Last year saw a record for new offshore wind financings. More than 15 gigawatts of new projects around the world received financing, according to Bloomberg New Energy Finance. That was up 50 percent from the prior year.
One particular project stood out. The Dogger Bank project in the North Sea, backed by Equinor, is a 3.6-gigawatt project split in three phases of 1.2 GW a piece. The first two phases received a greenlight with $8 billion in financing last year. As BNEF notes in a report, the Dogger Bank project has a footprint in the North Sea the size of Greater London.
U.S. offshore wind receives a jolt
Even as Europe continues to see strong offshore wind growth, in the U.S., large-scale projects have been on the drawing board for years but have struggled to move into the construction phase. One project off the coast of Rhode Island is the sum total of what the U.S. offshore wind industry has to show for itself. And the Block Island project is only a paltry 30 megawatts.
That could soon change. On March 8, the Department of Interior finalized the environmental impact statement for the Vineyard Wind project, which, at 800 megawatts, would generate enough power for 400,000 homes. Backed by Avangrid Renewables and Copenhagen Infrastructure Partners, Vineyard Wind’s 800-MW project will be the first large-scale project in the country. The carbon-free electricity it generates will be equivalent to removing 325,000 cars from American roads each year. It still needs one final federal permit from the Army Corps of Engineers, which is expected to be issued within the next month or so.
East Coast states are aiming to have 25 GW of offshore wind by 2035.
More commitments are beginning to pile up. As of now, East Coast states are aiming to have 25 GW of offshore wind by 2035, a figure that may grow as costs decline and steel gets put into the ground. If a big infrastructure package is passed through the U.S. Congress – and the Biden administration is reportedly working on one for this year – it could supercharge the offshore wind sector.
“The demand for offshore wind energy has never been greater,” Laura Daniel Davis, principal deputy assistant secretary of land and minerals at Interior, told reporters in a news call. “The technological advances, falling costs, increased interest and the tremendous economic potential make offshore wind a really promising avenue.”
The other bright spot for offshore wind is the prospect of a new source of industrial employment. In a promising sign, Ørsted, a major offshore wind company that built the 30-MW Block Island Wind Farm in Rhode Island, announced an agreement with North America’s Building Trades Unions (NABTU) in November 2020, a labor union representing over 3 million workers.
The partnership between a big wind developer and a major building trades union is aimed at training and growing a unionized workforce to construct the array of offshore wind projects in the works for the East Coast.

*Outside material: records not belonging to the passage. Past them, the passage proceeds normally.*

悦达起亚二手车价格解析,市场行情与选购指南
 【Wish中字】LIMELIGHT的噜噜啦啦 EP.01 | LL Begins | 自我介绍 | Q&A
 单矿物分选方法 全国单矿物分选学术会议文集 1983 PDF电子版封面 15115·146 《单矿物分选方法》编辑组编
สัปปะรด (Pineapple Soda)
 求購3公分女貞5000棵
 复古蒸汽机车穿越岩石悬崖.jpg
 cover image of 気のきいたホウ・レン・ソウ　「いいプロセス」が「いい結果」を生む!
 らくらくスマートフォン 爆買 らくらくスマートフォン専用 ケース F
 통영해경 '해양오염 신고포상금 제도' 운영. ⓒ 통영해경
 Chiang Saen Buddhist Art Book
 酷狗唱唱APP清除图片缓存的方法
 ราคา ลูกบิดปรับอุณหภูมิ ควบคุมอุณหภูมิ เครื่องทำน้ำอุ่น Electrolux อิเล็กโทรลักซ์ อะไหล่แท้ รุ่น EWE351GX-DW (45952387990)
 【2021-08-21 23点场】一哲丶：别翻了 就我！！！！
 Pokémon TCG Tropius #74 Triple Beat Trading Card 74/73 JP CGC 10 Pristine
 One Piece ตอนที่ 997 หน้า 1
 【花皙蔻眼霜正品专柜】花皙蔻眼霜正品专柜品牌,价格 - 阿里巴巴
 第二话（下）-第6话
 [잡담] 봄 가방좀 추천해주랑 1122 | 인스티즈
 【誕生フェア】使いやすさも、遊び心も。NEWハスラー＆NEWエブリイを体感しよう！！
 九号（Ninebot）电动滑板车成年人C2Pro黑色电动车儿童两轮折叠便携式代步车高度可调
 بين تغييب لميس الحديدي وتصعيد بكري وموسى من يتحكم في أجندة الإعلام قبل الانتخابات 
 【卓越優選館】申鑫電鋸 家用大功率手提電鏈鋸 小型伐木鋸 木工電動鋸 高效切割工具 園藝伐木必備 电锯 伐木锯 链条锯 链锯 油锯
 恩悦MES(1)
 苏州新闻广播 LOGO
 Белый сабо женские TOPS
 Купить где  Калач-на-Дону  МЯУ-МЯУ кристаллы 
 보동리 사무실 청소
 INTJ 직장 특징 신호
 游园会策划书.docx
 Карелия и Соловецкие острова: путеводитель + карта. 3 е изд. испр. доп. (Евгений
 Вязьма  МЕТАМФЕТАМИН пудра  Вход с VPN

The agreement is a hopeful sign that not only will the sector offer new employment, but also that the jobs will be of high pay and high quality.
Nevertheless, despite all the promise, it is important to note that the offshore wind industry is only beginning to get off the ground, and remains far behind onshore wind and solar PV. There is still a long way to go.
Industry players welcomed the Interior Department’s approval of Vineyard Wind, but they want faster action. “Wind developers also need the certainty that comes with a clear timeline of future opportunities. It has been more than two years since the last offshore wind lease sale,” said Erik Milito, President of the National Ocean Industries Association, which represents both offshore oil and offshore wind industries.
“Wood Mackenzie determined that new, near-term lease opportunities could support 80,000 jobs annually and generate $166 billion in new investment by 2035, but the Bureau of Ocean Energy Management (BOEM) must first open the door to new leasing,” Milito said.